#### Exercise data:
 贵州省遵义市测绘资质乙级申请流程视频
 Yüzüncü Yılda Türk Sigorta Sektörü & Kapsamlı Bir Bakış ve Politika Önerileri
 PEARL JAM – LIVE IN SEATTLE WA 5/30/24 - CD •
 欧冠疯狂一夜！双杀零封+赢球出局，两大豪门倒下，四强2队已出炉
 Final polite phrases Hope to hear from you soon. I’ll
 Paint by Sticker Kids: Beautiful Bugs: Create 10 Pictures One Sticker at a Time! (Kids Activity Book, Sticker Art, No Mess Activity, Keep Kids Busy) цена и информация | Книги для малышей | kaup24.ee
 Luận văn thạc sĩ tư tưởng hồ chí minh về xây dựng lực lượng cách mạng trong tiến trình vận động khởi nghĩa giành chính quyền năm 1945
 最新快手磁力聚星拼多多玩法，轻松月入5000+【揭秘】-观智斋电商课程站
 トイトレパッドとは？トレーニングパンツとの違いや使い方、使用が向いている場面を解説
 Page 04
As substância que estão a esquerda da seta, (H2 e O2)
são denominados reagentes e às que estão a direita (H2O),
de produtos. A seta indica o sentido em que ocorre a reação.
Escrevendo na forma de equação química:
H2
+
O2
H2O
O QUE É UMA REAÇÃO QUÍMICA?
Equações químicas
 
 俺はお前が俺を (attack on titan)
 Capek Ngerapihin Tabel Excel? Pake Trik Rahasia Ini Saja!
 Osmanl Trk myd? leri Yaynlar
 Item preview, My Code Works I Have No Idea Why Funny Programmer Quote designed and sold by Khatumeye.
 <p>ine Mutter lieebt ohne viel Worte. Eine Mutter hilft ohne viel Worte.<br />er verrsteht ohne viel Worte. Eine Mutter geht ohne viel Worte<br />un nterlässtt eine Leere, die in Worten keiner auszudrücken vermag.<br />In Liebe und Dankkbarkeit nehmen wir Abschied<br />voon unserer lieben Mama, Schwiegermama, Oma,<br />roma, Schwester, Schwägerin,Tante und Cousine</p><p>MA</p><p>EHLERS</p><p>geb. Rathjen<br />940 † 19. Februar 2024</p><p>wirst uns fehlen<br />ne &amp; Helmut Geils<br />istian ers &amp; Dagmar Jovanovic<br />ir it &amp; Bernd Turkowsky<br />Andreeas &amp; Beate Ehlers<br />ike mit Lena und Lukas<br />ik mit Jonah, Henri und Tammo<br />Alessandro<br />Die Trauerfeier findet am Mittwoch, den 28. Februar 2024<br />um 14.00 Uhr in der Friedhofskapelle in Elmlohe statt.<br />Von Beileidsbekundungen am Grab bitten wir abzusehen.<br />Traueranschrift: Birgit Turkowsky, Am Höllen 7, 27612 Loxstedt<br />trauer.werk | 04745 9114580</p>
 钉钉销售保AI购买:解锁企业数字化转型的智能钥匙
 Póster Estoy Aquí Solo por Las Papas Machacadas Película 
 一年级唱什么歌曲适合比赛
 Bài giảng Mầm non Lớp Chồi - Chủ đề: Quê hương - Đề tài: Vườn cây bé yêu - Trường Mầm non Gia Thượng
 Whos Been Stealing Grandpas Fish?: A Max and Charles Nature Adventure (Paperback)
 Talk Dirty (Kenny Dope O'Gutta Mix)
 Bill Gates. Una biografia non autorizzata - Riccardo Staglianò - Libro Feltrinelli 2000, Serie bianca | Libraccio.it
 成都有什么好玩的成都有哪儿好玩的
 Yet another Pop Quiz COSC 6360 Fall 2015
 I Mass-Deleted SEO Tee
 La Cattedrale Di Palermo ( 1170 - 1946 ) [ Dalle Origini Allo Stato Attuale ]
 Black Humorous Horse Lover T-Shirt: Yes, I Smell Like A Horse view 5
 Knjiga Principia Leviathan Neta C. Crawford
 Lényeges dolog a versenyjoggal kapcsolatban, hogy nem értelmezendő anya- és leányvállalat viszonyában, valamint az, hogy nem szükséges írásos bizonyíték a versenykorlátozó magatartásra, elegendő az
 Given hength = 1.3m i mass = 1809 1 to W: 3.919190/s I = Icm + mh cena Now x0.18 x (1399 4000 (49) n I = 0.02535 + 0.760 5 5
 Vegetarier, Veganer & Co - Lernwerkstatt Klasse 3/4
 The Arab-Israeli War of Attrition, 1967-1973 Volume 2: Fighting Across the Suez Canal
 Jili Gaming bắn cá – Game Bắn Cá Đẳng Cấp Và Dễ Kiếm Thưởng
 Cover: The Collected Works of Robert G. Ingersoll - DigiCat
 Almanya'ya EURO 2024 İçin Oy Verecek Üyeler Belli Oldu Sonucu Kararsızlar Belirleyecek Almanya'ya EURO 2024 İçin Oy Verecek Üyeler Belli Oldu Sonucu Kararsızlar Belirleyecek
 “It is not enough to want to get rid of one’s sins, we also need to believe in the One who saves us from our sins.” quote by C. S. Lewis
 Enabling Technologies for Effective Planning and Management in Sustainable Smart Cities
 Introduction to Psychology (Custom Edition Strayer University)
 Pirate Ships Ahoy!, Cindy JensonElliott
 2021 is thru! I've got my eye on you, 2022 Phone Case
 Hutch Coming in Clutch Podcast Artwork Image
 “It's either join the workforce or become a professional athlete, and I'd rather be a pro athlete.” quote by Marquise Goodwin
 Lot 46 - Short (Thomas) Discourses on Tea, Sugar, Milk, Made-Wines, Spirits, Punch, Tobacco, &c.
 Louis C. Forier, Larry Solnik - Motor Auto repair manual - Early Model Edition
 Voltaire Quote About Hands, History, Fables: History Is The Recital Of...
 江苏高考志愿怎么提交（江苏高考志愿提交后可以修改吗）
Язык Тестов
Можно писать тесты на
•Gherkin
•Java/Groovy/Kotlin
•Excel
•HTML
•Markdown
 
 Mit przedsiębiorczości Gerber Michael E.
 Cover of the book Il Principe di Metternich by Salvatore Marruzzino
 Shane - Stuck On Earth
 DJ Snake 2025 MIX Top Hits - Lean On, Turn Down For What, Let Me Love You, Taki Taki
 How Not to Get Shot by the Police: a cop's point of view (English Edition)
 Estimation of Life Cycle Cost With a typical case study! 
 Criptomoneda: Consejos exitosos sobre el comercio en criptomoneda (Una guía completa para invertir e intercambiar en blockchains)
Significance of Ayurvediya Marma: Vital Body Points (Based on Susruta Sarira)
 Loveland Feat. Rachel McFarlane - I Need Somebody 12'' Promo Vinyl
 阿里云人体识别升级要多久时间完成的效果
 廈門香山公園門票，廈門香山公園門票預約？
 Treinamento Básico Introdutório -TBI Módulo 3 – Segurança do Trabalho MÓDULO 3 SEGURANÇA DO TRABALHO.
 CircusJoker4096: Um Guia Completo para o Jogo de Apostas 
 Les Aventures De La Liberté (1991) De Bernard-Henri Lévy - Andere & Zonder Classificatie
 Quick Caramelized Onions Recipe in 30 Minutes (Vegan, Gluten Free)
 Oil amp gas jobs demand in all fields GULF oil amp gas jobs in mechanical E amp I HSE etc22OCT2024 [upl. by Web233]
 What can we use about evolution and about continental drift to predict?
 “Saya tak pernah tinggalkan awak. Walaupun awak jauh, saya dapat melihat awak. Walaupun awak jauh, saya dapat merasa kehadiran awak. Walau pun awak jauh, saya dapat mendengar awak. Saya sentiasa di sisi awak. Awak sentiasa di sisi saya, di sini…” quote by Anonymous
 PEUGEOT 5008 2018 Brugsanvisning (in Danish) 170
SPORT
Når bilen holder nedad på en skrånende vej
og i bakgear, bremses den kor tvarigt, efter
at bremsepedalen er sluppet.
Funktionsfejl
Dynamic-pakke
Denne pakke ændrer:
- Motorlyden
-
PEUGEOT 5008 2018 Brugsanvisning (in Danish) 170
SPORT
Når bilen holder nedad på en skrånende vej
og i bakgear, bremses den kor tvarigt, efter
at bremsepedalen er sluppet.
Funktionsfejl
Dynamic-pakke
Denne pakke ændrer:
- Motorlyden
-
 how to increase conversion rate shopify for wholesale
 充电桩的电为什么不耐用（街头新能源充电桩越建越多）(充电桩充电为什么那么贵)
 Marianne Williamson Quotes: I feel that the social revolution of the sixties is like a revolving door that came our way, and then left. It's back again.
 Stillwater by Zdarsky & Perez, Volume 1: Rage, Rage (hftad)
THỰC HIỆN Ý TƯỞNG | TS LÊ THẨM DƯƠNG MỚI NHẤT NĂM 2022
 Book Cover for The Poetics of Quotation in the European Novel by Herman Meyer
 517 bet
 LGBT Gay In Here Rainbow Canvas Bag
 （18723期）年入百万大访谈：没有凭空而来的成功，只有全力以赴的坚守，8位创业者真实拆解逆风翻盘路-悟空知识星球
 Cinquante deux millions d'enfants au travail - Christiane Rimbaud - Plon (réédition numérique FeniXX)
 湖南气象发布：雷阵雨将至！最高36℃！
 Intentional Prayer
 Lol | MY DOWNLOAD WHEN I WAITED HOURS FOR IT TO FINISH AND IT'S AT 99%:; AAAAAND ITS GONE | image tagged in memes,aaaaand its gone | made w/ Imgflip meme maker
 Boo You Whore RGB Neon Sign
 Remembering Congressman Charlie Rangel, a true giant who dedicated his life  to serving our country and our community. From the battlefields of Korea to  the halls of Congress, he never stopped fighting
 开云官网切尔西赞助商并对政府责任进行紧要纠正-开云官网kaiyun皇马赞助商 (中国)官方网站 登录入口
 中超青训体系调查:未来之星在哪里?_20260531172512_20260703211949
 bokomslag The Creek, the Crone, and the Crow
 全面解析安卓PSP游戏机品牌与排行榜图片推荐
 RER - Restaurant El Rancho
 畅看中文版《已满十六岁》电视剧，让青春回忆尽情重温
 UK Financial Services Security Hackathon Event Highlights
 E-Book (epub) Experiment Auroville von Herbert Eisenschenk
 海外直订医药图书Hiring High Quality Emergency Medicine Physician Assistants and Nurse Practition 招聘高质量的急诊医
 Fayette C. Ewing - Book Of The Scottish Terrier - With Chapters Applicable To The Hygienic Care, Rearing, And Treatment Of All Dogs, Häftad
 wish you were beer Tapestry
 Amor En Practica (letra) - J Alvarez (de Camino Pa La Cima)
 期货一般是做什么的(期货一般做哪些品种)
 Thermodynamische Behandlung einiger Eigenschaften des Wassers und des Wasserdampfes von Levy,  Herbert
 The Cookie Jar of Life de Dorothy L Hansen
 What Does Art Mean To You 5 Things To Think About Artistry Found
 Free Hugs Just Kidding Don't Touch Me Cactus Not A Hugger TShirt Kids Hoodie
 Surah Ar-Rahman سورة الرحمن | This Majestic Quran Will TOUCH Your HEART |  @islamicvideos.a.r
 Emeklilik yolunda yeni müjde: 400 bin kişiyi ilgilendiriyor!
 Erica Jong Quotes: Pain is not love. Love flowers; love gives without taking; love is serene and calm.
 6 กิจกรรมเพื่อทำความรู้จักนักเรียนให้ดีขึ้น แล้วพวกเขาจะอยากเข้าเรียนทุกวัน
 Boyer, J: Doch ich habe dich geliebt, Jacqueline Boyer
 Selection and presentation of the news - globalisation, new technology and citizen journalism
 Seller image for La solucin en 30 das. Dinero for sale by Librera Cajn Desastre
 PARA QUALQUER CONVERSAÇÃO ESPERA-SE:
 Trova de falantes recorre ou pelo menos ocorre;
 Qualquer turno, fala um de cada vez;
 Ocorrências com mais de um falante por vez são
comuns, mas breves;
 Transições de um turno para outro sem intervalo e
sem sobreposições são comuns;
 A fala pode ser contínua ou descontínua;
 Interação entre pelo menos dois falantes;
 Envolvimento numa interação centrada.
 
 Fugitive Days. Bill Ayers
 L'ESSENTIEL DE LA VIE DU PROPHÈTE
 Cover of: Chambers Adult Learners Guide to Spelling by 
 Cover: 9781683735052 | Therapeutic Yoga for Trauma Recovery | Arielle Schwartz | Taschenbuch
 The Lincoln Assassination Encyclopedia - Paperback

#### Your objective:
Produce the lines from the top of the listing through the "Item preview, My" line exactly as they appear, with no additional output.

#### Task result:
 贵州省遵义市测绘资质乙级申请流程视频
 Yüzüncü Yılda Türk Sigorta Sektörü & Kapsamlı Bir Bakış ve Politika Önerileri
 PEARL JAM – LIVE IN SEATTLE WA 5/30/24 - CD •
 欧冠疯狂一夜！双杀零封+赢球出局，两大豪门倒下，四强2队已出炉
 Final polite phrases Hope to hear from you soon. I’ll
 Paint by Sticker Kids: Beautiful Bugs: Create 10 Pictures One Sticker at a Time! (Kids Activity Book, Sticker Art, No Mess Activity, Keep Kids Busy) цена и информация | Книги для малышей | kaup24.ee
 Luận văn thạc sĩ tư tưởng hồ chí minh về xây dựng lực lượng cách mạng trong tiến trình vận động khởi nghĩa giành chính quyền năm 1945
 最新快手磁力聚星拼多多玩法，轻松月入5000+【揭秘】-观智斋电商课程站
 トイトレパッドとは？トレーニングパンツとの違いや使い方、使用が向いている場面を解説
 Page 04
As substância que estão a esquerda da seta, (H2 e O2)
são denominados reagentes e às que estão a direita (H2O),
de produtos. A seta indica o sentido em que ocorre a reação.
Escrevendo na forma de equação química:
H2
+
O2
H2O
O QUE É UMA REAÇÃO QUÍMICA?
Equações químicas
 
 俺はお前が俺を (attack on titan)
 Capek Ngerapihin Tabel Excel? Pake Trik Rahasia Ini Saja!
 Osmanl Trk myd? leri Yaynlar
 Item preview, My Code Works I Have No Idea Why Funny Programmer Quote designed and sold by Khatumeye.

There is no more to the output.